Pumpkin Cookies with Cinnamon Glaze image

These moist and tender Pumpkin Cookies are full of fall spice and everything nice! They're drizzled with a smooth cinnamon glaze and absolutely packed with pumpkin. Plus, you can whip them up in under 30 minutes.

Provided by Lindsay

Categories     Dessert

Time 24m

Yield 22

Number Of Ingredients 17

3/4 cup butter
1/2 cup sugar
1/2 cup brown sugar
3/4 cup pumpkin puree
1 egg
1 tsp vanilla
2 1/2 cups flour
1/4 tsp salt
1 tsp baking soda
1/2 tsp baking powder
1 1/2 tsp cinnamon
1/2 tsp nutmeg
1/2 tsp cloves
1 cup powdered sugar (plus more if needed for thickness)
1 tsp cinnamon
2 tbsp milk
1/4 tsp vanilla extract

Steps:

  • Cream butter and sugars together until light and fluffy, 3-4 minutes.
  • Add the pumpkin puree, egg and vanilla and mix until combined.
  • Add the dry ingredients and mix until smooth.
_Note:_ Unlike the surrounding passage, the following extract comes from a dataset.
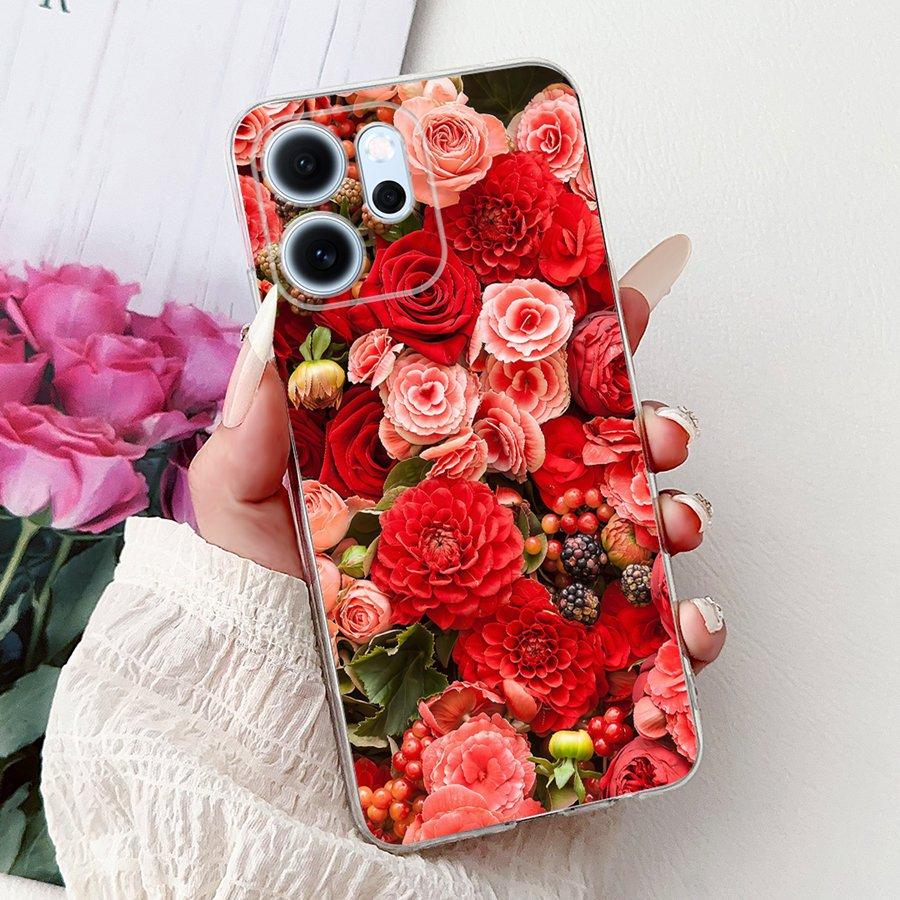 Phone Case For OPPO Reno14 F 5G Capa Soft Silicone New Flower Protective Back Cover For Oppo Reno 14F 14 F CPH2743 Fundas Coque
Dough will be sticky.
  • Drop 2 tablespoon sized balls of cookie dough onto a parchment lined cookie sheet. Because the dough is sticky, I dropped a tablespoon at a time, then lightly pressed them together and flattened them just a bit.
  • Bake at 350 for 9-10 minutes.
  • Let cool for 1 minute, then move to cooling rack to finish cooling.
  • When cookies are cool, whisk together ingredients for the glaze.
  • Drizzle glaze over cookies. Allow to dry.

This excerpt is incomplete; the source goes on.